Lo stop alla joint Tim-Canal plus - nella versione operazione con parti correlate di minore rilevanza - rischia di avere ricadute pesanti nel negoziato tra Vivendi e Mediaset per chiudere il contenzioso su Premium. Ci sono voluti sei mesi per arrivare a definire un accordo tra Tim e Canal plus, che si è arenato sullo scoglio delle contestazioni di sindaci, minoranze e Consob. Difficilmente la procedura - con i criteri imposti per le operazioni con parti correlate di maggiore rilevanza - potrà chiudersi nel giro di un mese. Tocca ora ai soli consiglieri indipendenti di Telecom - di cui cinque indicati da Vivendi e cinque dai fondi - esprimere un parere vincolante sulla bontà e la convenienza dell’iniziativa nel comitato presieduto da Lucia Calvosa, che sulla gestazione del progetto ha assunto, insieme a Francesca Cornelli, una posizione molto critica, messa agli atti in forma di dissenting opionion, mentre anche gli altri tre amministratori dei fondi non si sono mai allineati con la maggioranza del consiglio. I tempi, dunque, sono sfuggiti di mano a Vivendi. Lo stesso direttore generale di Canal Plus, Maxime Saada, a margine di una presentazione, nell’affermare che non ci sono cambiamenti sostanziali nel progetto, ha ammesso che il processo della costituzione della joint venture sta «prendendo un po’ più di tempo» del previsto, senza poter dare indicazioni più precise.

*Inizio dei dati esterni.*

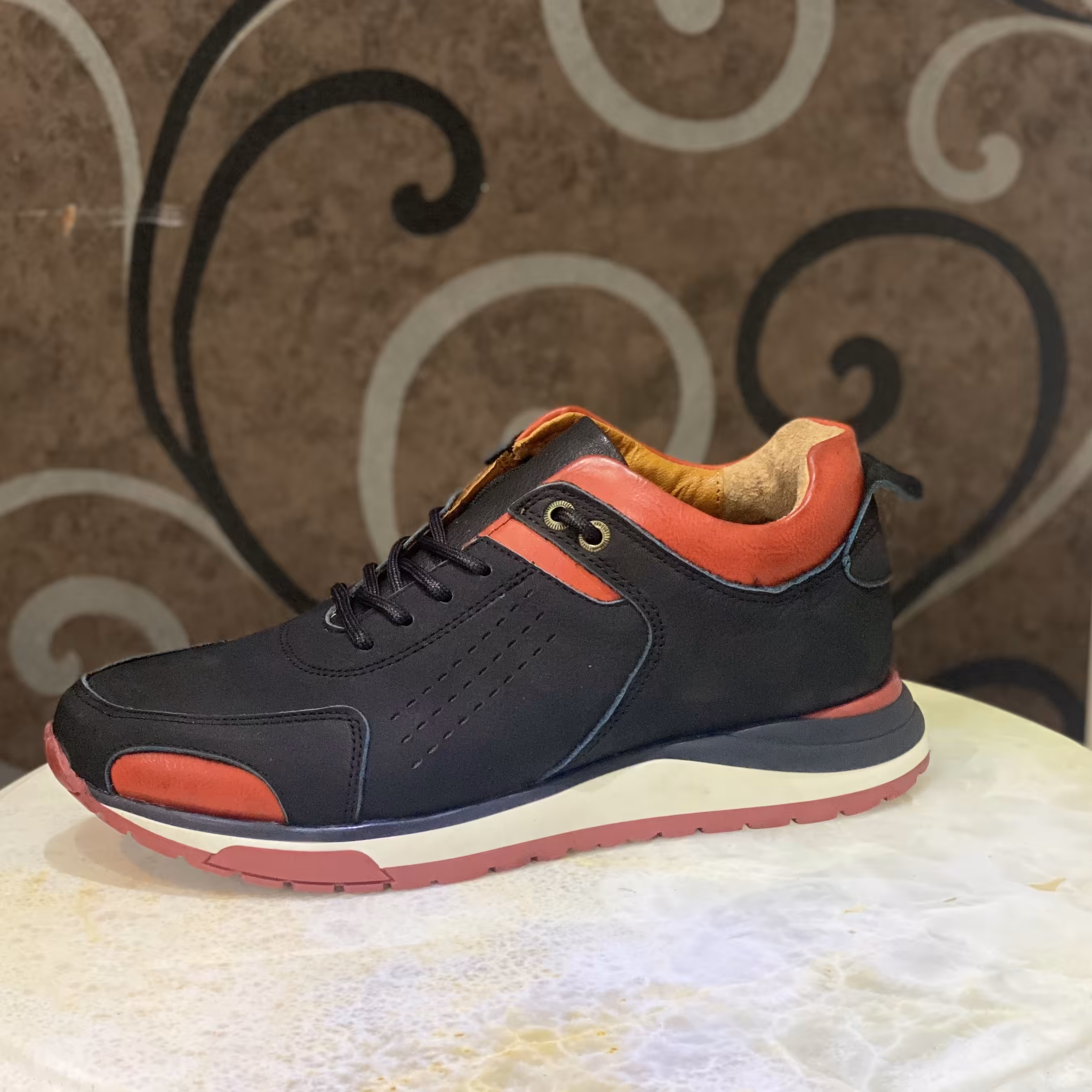  کفش چرم طبیعی  درجه یک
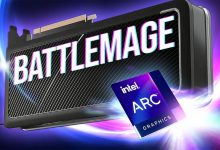 جدیدترین و احتمالاً آخرین کارت گرافیک بالارده اینتل بهزودی معرفی میشود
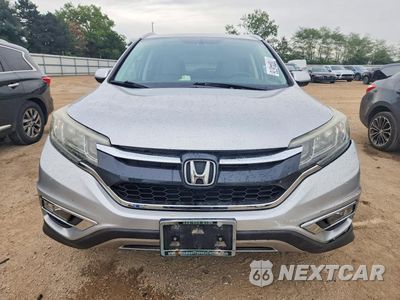 Piąte zdjęcie samochodu w środku: 2016 HONDA CR-V EXL VIN:2HKRM4H7XGH686050 - miniatura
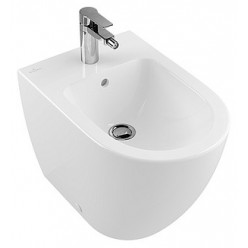 Биде напольное Villeroy & Boch Subway 2.0 5401 00 01 alpin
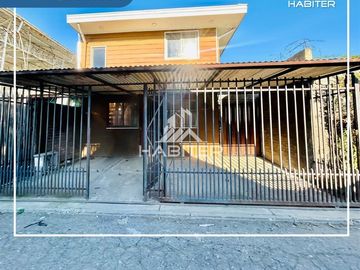 Casa en arriendo de 3 dorm 2B en Curicó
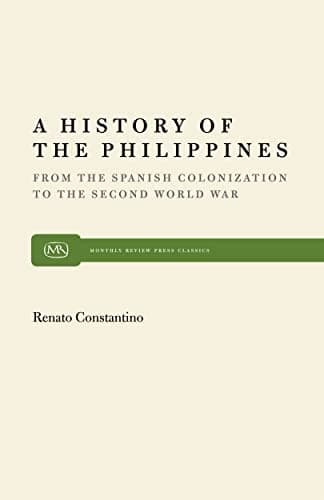 Portada de A history of the Philippines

Dunque, difficilmente la questione si risolverà prima del 27 febbraio quando al Tribunale di Milano ci sarà l’udienza, già rinviata una volta, per la causa civile che Mediaset ha intentato contro Vivendi per il mancato rispetto del contratto su Premium. Per Mediaset il piano A è il rispetto del contratto firmato l’8 aprile 2016 che prevedeva il passaggio della pay-tv sotto le insegne francesi e uno scambio azionario reciproco del 3,5% tra i due gruppi, per una valutazione implicita di Premium - all’origine - di 760 milioni. Il piano A-bis è la richiesta di risarcimento per 1,5 miliardi. Il piano B è appunto quello che si stava negoziando e che si sarebbe concluso se non fosse insorto l’intoppo sui tempi. Telecom avrebbe comprato contenuti per 460 milioni in sei anni, da girare poi alla joint con Canal Plus, quest’ultima avrebbe venduto poco meno della metà del suo 40% a Mediaset garantendone, con un’opzione put&call, la possibilità di uscita a prezzi più elevati. In parallelo Mediaset e Fininvest avrebbero rilevato fino al 10% della quota di Vivendi nel Biscione (pari al 28,8% del capitale e al 29,9% dei diritti di voto).
Ora, un piano C chiavi in mano da proporre in alternativa non c’è, salvo che si ragioni su una variante del piano B svincolata dalla joint (tipo “risarcimento” in contanti al posto della put&call). Se si arriverà all’udienza senza un accordo, ci saranno 80 giorni di tempo per lo scambio delle memorie, quindi verrà fissata la successiva udienza per nominare un perito, avviare la fase istruttoria e arrivare a sentenza. Sempre possibile in un processo civile fermare l’iter con una transazione, ma i tempi si allungherebbero inevitabilmente.
Il 18 aprile tra l’altro scade il termine fissato dall’Agcom per risolvere la questione della doppia presenza di Vivendi nel capitale di Telecom e di Mediaset. Vivendi non ha ancora costituito il blind trust a cui conferire la quota nel Biscione in eccesso al 10% consentito, riservandosi di farlo, appunto, entro il 18 aprile. Vivendi considera il trust la “soluzione definitiva”, accompagnata con l’impegno, preso pubblicamente, a non esercitare i diritti di voto sulla quota in eccesso. Impegno che ha avuto un primo riscontro a dicembre, quando i francesi non si sono presentati all’assemblea Mediaset, pur essendosi riservati espressamente di votare nel caso di modifica allo statuto,che è quindi passata blindando il consiglio a favore della maggioranza Fininvest. Tuttavia, se non fosse raggiunto un accordo tra le due parti in lite nemmeno per il 18 aprile, potrebbe riaprirsi un nuovo fronte con l’Agcom che, per ora, si è limitata a prendere atto del piano presentato dalla media company transalpina ribadendo però di volere soluzioni «strutturali» che, tradotto, significherebbe l’alienazione della partecipazione vietata, il 20% di Mediaset.